• _Task input_
-- Opening Marker --
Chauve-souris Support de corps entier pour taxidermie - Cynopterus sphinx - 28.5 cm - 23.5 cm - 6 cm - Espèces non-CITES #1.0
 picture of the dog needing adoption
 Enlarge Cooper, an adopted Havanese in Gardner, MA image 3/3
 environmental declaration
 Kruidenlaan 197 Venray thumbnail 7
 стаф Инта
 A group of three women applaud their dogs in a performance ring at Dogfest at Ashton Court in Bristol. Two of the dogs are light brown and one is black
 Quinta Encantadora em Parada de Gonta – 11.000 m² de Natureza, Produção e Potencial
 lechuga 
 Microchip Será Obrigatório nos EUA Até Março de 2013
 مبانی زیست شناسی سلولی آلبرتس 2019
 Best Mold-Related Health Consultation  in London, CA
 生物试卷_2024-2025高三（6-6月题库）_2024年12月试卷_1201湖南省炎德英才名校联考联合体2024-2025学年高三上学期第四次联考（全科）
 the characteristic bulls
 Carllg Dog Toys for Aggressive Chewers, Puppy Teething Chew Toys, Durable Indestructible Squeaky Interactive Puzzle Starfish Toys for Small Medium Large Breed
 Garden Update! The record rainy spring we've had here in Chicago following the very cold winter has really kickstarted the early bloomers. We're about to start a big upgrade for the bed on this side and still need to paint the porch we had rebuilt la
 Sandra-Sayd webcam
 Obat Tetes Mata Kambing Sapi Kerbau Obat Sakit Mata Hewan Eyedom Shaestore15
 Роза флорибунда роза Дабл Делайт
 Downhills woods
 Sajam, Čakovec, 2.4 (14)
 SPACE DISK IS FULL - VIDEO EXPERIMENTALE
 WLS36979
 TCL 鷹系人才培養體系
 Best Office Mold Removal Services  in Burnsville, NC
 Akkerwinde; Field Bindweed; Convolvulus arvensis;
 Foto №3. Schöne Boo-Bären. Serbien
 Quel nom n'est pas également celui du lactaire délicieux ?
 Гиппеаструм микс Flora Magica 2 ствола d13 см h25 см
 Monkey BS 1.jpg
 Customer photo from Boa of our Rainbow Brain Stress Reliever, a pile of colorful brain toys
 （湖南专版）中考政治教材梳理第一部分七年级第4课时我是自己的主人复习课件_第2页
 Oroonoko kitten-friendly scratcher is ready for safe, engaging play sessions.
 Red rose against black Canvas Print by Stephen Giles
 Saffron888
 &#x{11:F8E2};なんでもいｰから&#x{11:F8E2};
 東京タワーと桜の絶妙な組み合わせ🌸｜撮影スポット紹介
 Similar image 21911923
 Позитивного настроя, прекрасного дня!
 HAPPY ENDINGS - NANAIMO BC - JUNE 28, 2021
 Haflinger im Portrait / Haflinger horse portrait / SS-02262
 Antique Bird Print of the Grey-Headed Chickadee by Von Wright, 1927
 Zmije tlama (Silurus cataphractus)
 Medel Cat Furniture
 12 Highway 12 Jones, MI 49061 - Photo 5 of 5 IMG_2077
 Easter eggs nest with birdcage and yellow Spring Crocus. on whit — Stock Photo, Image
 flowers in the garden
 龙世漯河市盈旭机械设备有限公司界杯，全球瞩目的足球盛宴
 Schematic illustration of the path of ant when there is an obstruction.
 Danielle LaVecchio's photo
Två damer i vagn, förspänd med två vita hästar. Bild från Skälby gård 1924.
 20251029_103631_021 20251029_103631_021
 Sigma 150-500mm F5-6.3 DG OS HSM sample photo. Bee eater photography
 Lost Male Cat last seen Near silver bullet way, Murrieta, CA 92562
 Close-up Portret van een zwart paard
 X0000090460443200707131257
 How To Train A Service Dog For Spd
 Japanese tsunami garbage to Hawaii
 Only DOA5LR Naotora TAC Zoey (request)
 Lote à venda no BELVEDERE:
-- Closing Marker --
• _Action item_
Your task is to return all of the material exactly.

• _Response below_
Chauve-souris Support de corps entier pour taxidermie - Cynopterus sphinx - 28.5 cm - 23.5 cm - 6 cm - Espèces non-CITES #1.0
 picture of the dog needing adoption
 Enlarge Cooper, an adopted Havanese in Gardner, MA image 3/3
 environmental declaration
 Kruidenlaan 197 Venray thumbnail 7
 стаф Инта
 A group of three women applaud their dogs in a performance ring at Dogfest at Ashton Court in Bristol. Two of the dogs are light brown and one is black
 Quinta Encantadora em Parada de Gonta – 11.000 m² de Natureza, Produção e Potencial
 lechuga 
 Microchip Será Obrigatório nos EUA Até Março de 2013
 مبانی زیست شناسی سلولی آلبرتس 2019
 Best Mold-Related Health Consultation  in London, CA
 生物试卷_2024-2025高三（6-6月题库）_2024年12月试卷_1201湖南省炎德英才名校联考联合体2024-2025学年高三上学期第四次联考（全科）
 the characteristic bulls
 Carllg Dog Toys for Aggressive Chewers, Puppy Teething Chew Toys, Durable Indestructible Squeaky Interactive Puzzle Starfish Toys for Small Medium Large Breed
 Garden Update! The record rainy spring we've had here in Chicago following the very cold winter has really kickstarted the early bloomers. We're about to start a big upgrade for the bed on this side and still need to paint the porch we had rebuilt la
 Sandra-Sayd webcam
 Obat Tetes Mata Kambing Sapi Kerbau Obat Sakit Mata Hewan Eyedom Shaestore15
 Роза флорибунда роза Дабл Делайт
 Downhills woods
 Sajam, Čakovec, 2.4 (14)
 SPACE DISK IS FULL - VIDEO EXPERIMENTALE
 WLS36979
 TCL 鷹系人才培養體系
 Best Office Mold Removal Services  in Burnsville, NC
 Akkerwinde; Field Bindweed; Convolvulus arvensis;
 Foto №3. Schöne Boo-Bären. Serbien
 Quel nom n'est pas également celui du lactaire délicieux ?
 Гиппеаструм микс Flora Magica 2 ствола d13 см h25 см
 Monkey BS 1.jpg
 Customer photo from Boa of our Rainbow Brain Stress Reliever, a pile of colorful brain toys
 （湖南专版）中考政治教材梳理第一部分七年级第4课时我是自己的主人复习课件_第2页
 Oroonoko kitten-friendly scratcher is ready for safe, engaging play sessions.
 Red rose against black Canvas Print by Stephen Giles
 Saffron888
 &#x{11:F8E2};なんでもいｰから&#x{11:F8E2};
 東京タワーと桜の絶妙な組み合わせ🌸｜撮影スポット紹介
 Similar image 21911923
 Позитивного настроя, прекрасного дня!
 HAPPY ENDINGS - NANAIMO BC - JUNE 28, 2021
 Haflinger im Portrait / Haflinger horse portrait / SS-02262
 Antique Bird Print of the Grey-Headed Chickadee by Von Wright, 1927
 Zmije tlama (Silurus cataphractus)
 Medel Cat Furniture
 12 Highway 12 Jones, MI 49061 - Photo 5 of 5 IMG_2077
 Easter eggs nest with birdcage and yellow Spring Crocus. on whit — Stock Photo, Image
 flowers in the garden
 龙世漯河市盈旭机械设备有限公司界杯，全球瞩目的足球盛宴
 Schematic illustration of the path of ant when there is an obstruction.
 Danielle LaVecchio's photo
Två damer i vagn, förspänd med två vita hästar. Bild från Skälby gård 1924.
 20251029_103631_021 20251029_103631_021
 Sigma 150-500mm F5-6.3 DG OS HSM sample photo. Bee eater photography
 Lost Male Cat last seen Near silver bullet way, Murrieta, CA 92562
 Close-up Portret van een zwart paard
 X0000090460443200707131257
 How To Train A Service Dog For Spd
 Japanese tsunami garbage to Hawaii
 Only DOA5LR Naotora TAC Zoey (request)
 Lote à venda no BELVEDERE:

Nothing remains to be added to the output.